Using the data below, set down every line from the one containing "A hilarious d&d" through the one containing "Couverture du livre", inclusive and unchanged. Pictures are to be skipped.

══ Information supplied ══

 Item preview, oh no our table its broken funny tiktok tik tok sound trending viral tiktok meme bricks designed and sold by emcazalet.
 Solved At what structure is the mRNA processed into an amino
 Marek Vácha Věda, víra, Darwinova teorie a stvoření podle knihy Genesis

═══
══ Information supplied ══

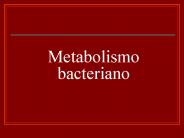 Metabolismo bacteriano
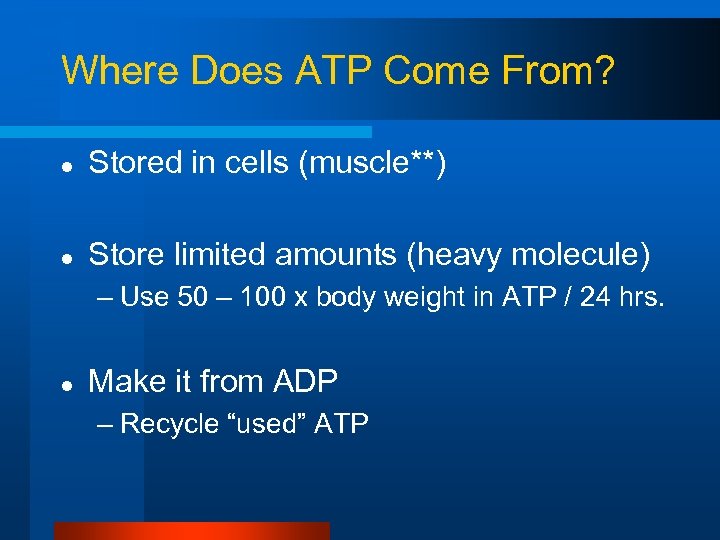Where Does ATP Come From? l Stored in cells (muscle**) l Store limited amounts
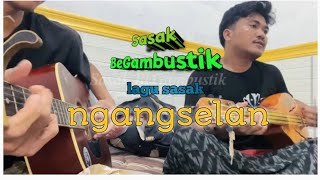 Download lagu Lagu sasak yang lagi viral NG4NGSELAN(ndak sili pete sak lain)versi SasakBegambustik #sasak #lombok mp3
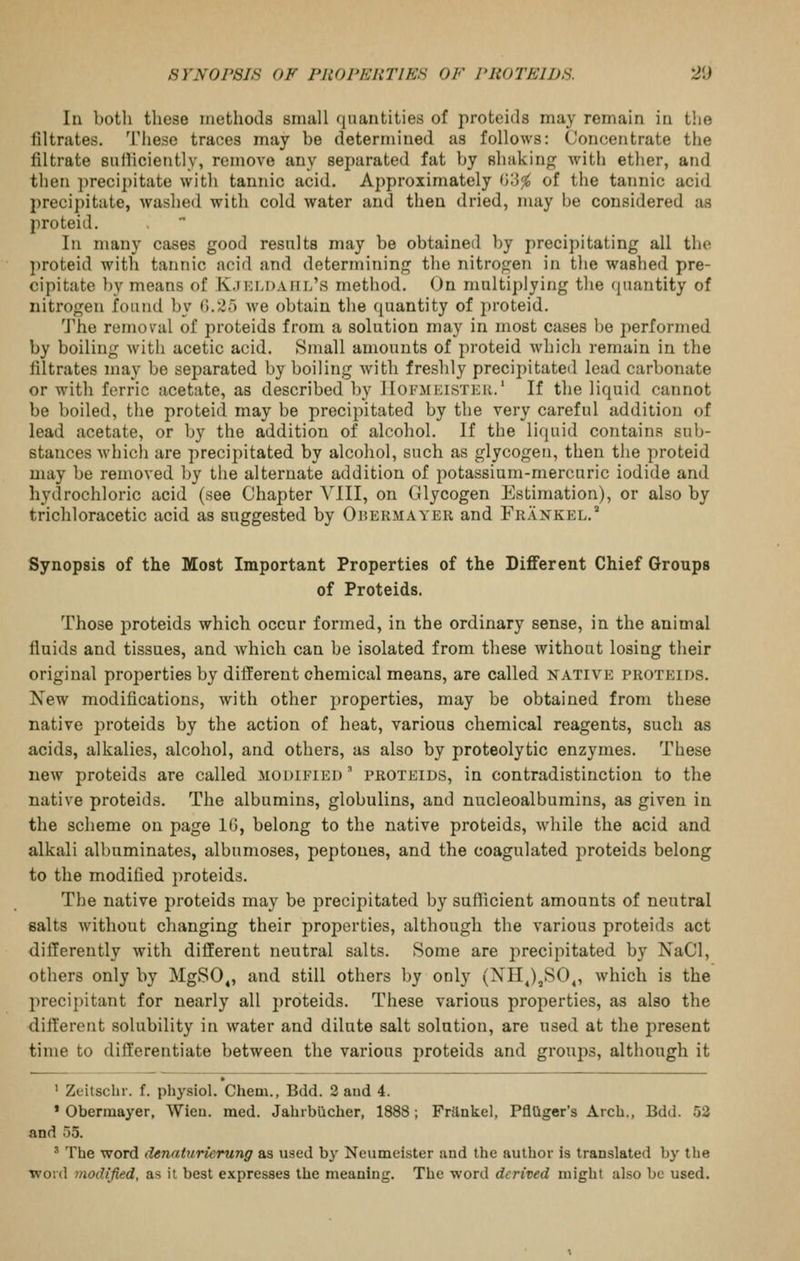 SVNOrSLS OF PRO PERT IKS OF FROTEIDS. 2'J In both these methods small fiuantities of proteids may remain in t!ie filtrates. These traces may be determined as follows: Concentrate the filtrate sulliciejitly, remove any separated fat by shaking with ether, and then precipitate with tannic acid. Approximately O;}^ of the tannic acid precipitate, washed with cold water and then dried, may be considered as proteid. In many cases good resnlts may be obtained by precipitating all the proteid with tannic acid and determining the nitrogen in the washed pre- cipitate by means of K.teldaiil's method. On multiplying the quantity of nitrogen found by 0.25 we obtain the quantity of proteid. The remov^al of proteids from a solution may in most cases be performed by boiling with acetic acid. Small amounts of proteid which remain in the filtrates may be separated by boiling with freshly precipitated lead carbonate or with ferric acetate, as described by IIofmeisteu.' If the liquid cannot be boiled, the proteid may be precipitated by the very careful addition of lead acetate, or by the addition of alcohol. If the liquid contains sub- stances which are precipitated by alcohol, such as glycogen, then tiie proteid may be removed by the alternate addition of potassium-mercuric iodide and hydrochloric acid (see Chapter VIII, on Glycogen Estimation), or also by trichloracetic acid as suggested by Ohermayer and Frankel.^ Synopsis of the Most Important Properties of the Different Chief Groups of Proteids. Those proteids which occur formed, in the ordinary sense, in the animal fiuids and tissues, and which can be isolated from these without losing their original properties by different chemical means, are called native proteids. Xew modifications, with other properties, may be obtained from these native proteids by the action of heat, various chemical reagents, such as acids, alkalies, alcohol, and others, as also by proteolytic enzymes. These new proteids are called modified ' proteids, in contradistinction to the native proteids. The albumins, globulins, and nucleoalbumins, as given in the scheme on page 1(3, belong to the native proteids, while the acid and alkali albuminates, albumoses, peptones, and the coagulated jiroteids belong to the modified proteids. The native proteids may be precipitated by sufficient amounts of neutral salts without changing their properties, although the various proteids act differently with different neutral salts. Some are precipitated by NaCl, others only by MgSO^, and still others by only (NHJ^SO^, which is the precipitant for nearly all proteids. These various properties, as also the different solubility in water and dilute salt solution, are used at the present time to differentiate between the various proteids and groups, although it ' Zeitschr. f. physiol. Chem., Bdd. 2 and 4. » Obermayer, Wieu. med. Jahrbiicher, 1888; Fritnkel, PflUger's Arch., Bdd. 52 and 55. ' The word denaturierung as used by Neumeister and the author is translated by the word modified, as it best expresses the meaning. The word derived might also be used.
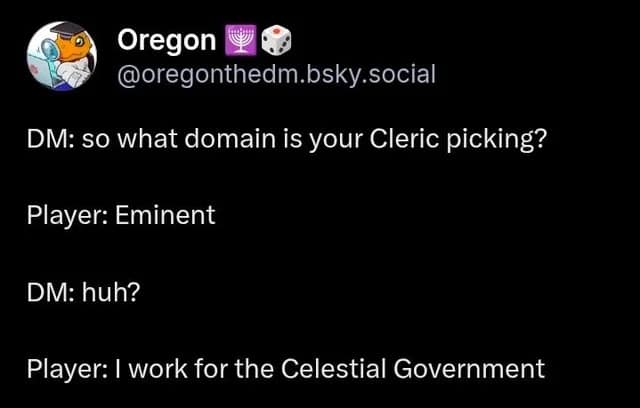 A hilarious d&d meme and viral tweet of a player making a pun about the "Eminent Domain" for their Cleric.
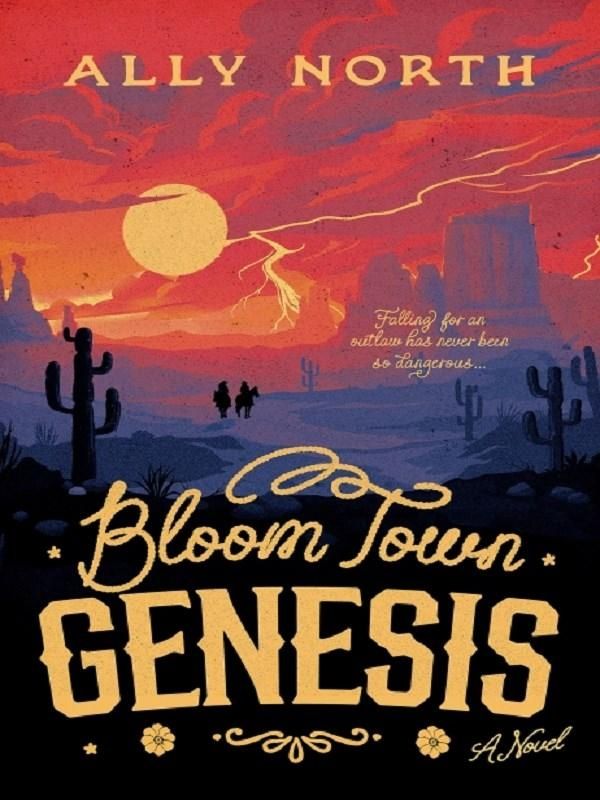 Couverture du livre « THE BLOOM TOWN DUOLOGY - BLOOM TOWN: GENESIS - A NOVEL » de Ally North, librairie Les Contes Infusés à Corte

═══

• Final answer:
 A hilarious d&d meme and viral tweet of a player making a pun about the "Eminent Domain" for their Cleric.
 Couverture du livre « THE BLOOM TOWN DUOLOGY - BLOOM TOWN: GENESIS - A NOVEL » de Ally North, librairie Les Contes Infusés à Corte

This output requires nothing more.